[Exercise directions]:
Reproduce the lines below exactly. Begin with the first, end with the line containing "Guanidinium Thiocyanate industry insight", and leave out the pictures.

[Provided records]

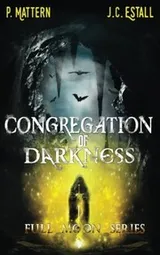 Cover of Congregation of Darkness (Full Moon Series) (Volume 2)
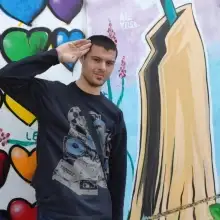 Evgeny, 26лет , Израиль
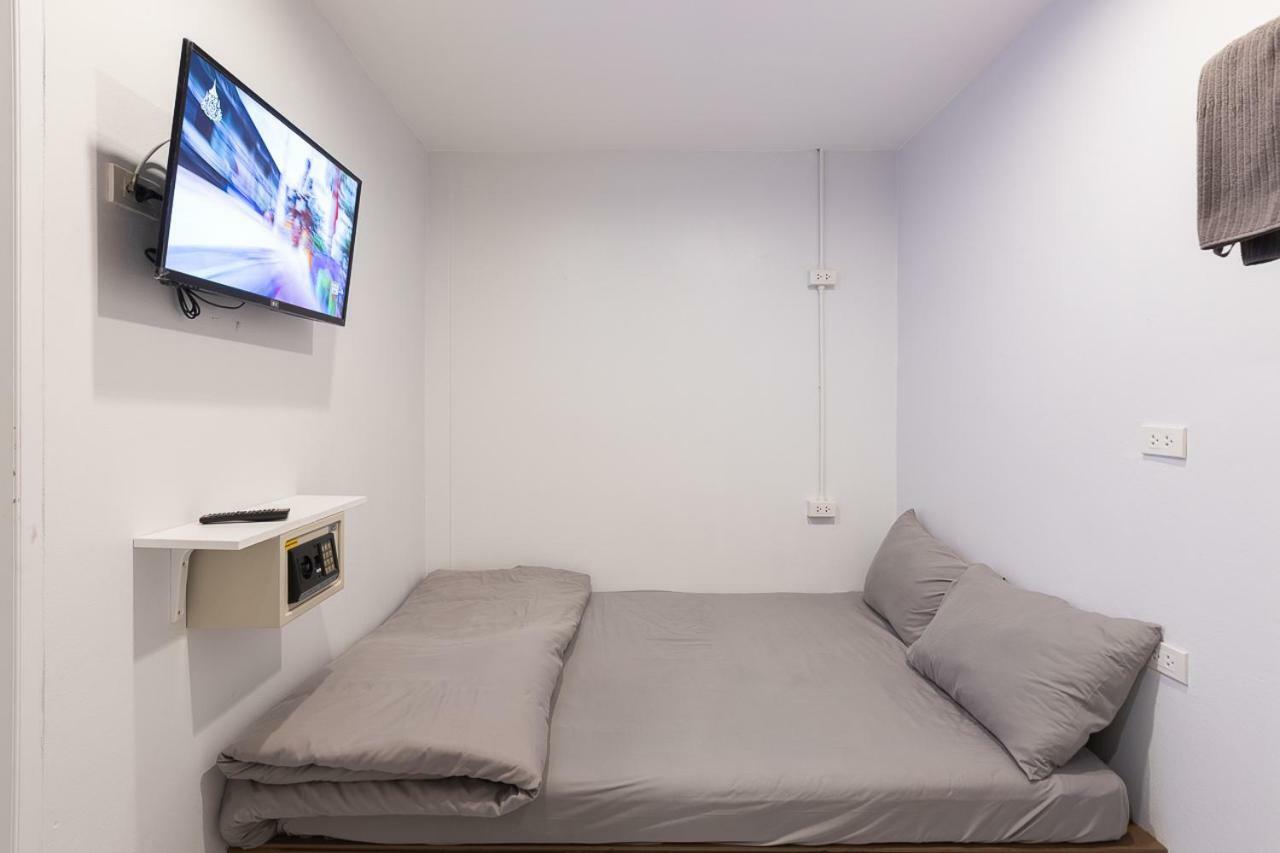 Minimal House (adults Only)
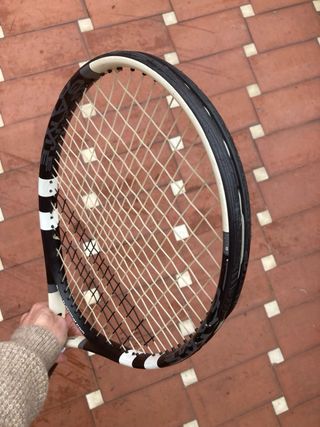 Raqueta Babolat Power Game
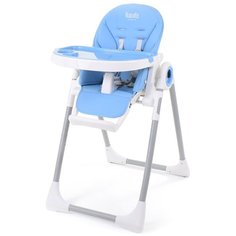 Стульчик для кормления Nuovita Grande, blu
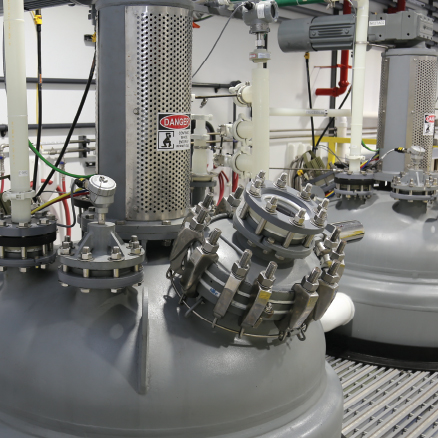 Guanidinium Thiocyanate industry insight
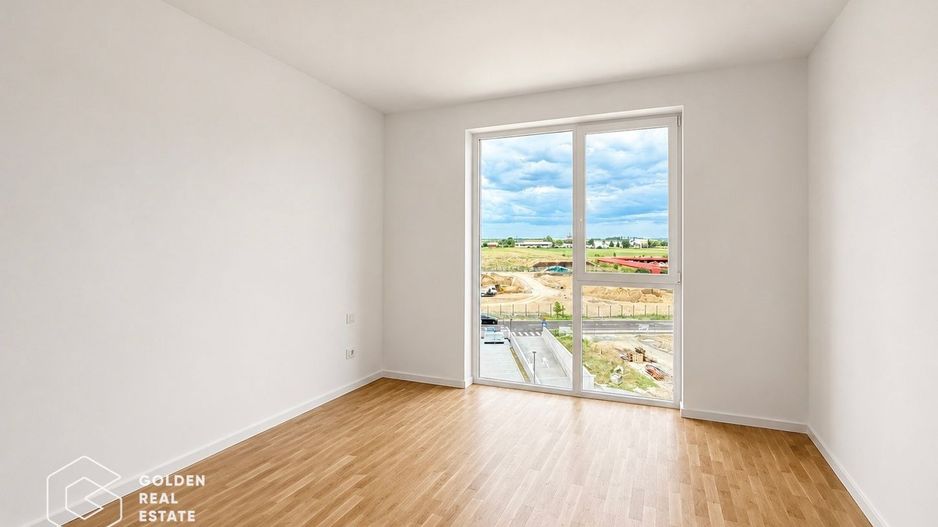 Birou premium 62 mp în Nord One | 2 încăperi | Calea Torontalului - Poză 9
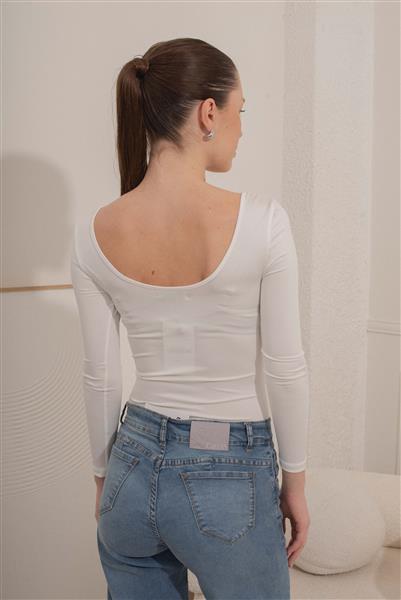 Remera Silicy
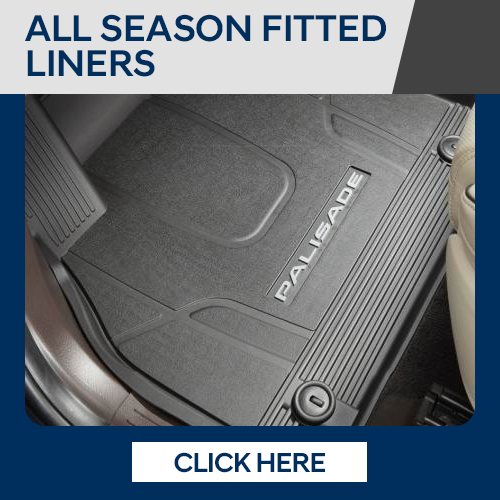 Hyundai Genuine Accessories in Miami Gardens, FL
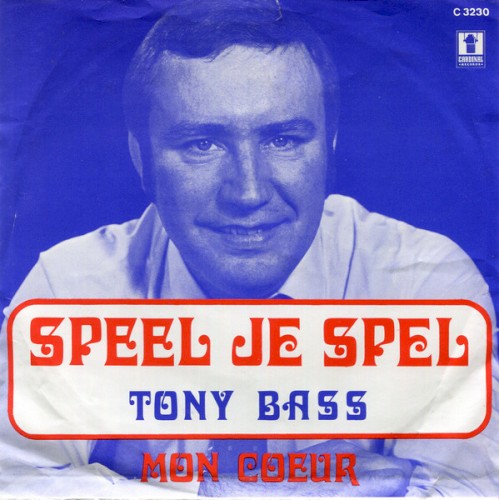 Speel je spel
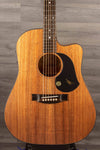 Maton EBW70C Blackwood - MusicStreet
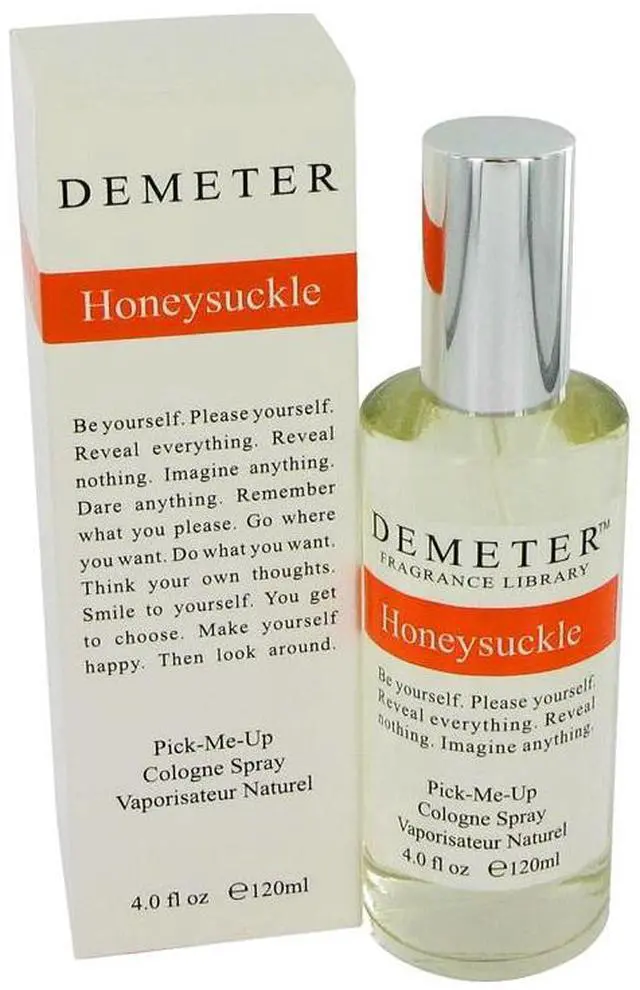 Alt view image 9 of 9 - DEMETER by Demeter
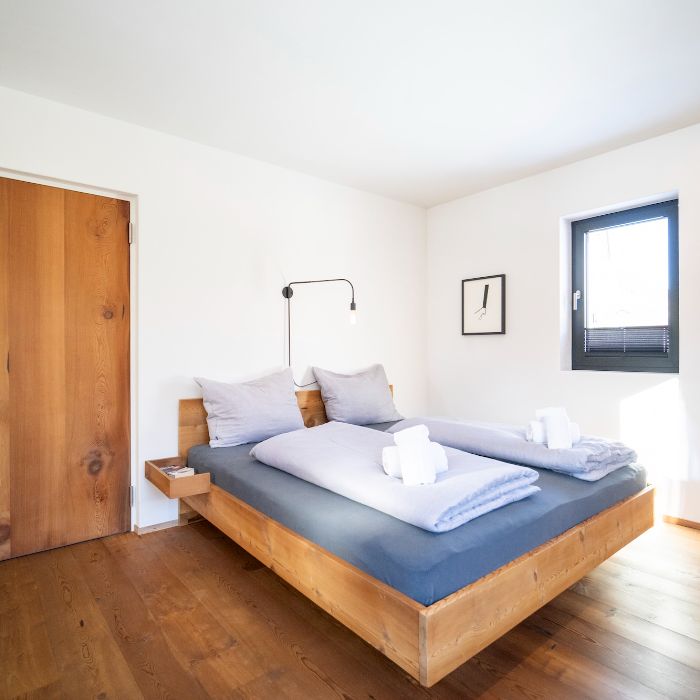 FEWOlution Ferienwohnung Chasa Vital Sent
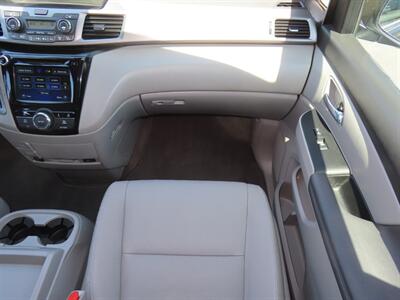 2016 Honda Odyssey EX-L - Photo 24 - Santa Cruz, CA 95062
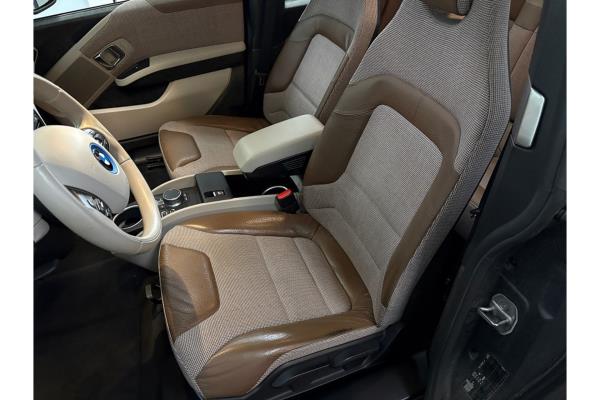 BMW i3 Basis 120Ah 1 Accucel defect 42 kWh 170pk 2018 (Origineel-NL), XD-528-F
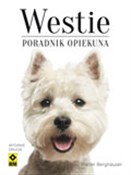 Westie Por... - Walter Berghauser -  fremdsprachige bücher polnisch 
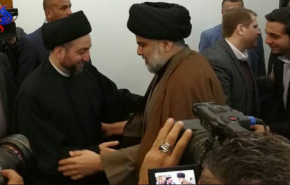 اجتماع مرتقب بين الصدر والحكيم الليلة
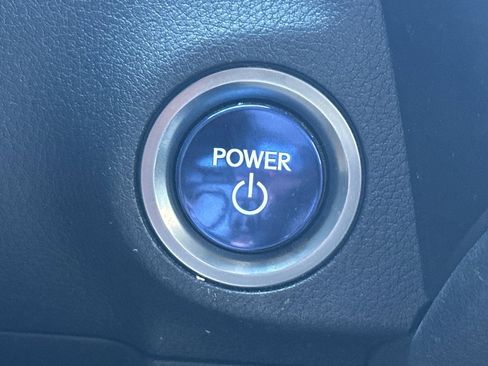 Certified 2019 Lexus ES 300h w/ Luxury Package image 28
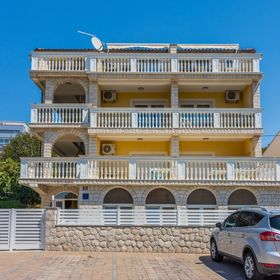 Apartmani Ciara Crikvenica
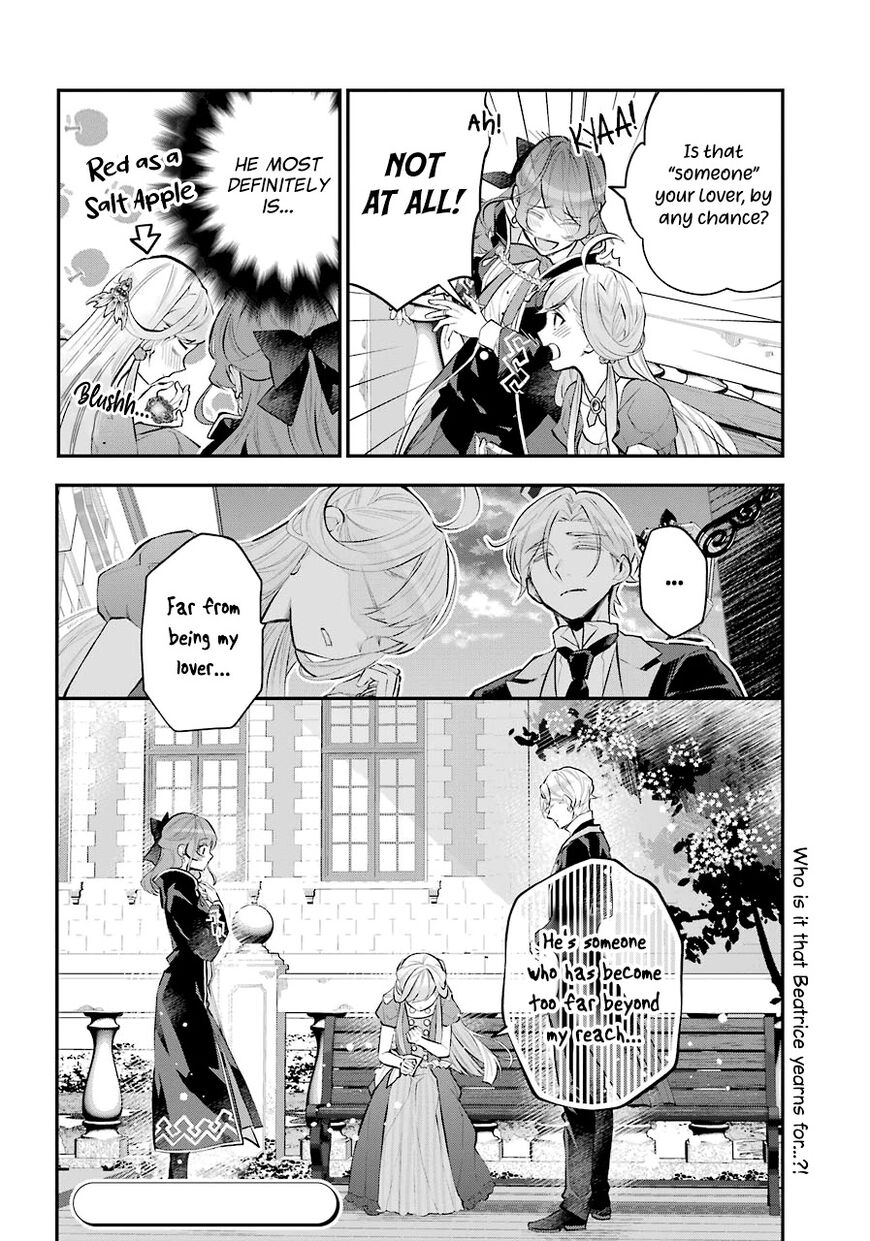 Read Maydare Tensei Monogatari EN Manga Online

[/Provided records]

[Output below]:
 Cover of Congregation of Darkness (Full Moon Series) (Volume 2)
 Evgeny, 26лет , Израиль
 Minimal House (adults Only)
 Raqueta Babolat Power Game
 Стульчик для кормления Nuovita Grande, blu
 Guanidinium Thiocyanate industry insight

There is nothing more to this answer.